27 October 2022Insurance

After UK, US P&C insurance outlook turns negative on lower capital levels

S&P Global Ratings has revised its view on the US property/casualty (P&C) insurance sector to negative from stable, reflecting expected weaker credit trends over the next 12 months, just a day after  Moody’s turned negative on the UK’s P&C insurance sector outlook in light of the burgeoning inflation that is pushing up claims costs and widening credit spreads.

Credit downturn is highlighted as a key risk by both agencies in the UK and US markets.

According to S&P's new report, 'US Property/Casualty Insurance Sector View Dims On Weakening Capitalisation', the current economic factors are likely to reduce insurers' profit margins and adversely impact their capital levels.

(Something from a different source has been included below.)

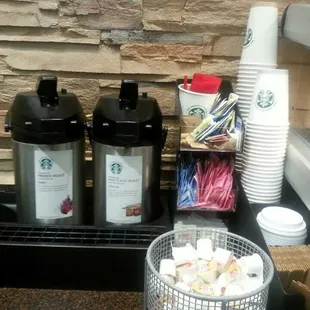 a coffee maker, two cups of coffee, a container of marshmallows, and a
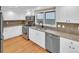 Modern kitchen featuring white cabinets, stainless steel appliances, and stone countertops at 6417 S Florence Way, Englewood, CO 80111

Rising interest rates reduced the market value of P&C insurers' fixed income portfolios and generally accepted accounting principles (GAAP) shareholders' equity, while declines in the value of equity holdings, elevated natural catastrophe losses, and deteriorating personal auto underwriting results pressure the net earnings of some insurers, S&P said in its latest report.

John Iten, primary credit analyst with S&P Global Ratings, noted: "We expect to make negative revisions to the ratings or outlooks of those insurers whose capitalisation has fallen materially below our expectations and whose projected earnings and capital management options, in our view, will be insufficient to rebuild capitalization to a level consistent with our current ratings over the next 24-36 months."

As insurers report their third quarter results, S&P Global analysts will be updating their assessment of capital and earnings, as measured by S&P Global Ratings' proprietary insurance capital model. As part of this process, earnings forecast for the projection period (2023-2025) and expectations for capital management activities will be revised.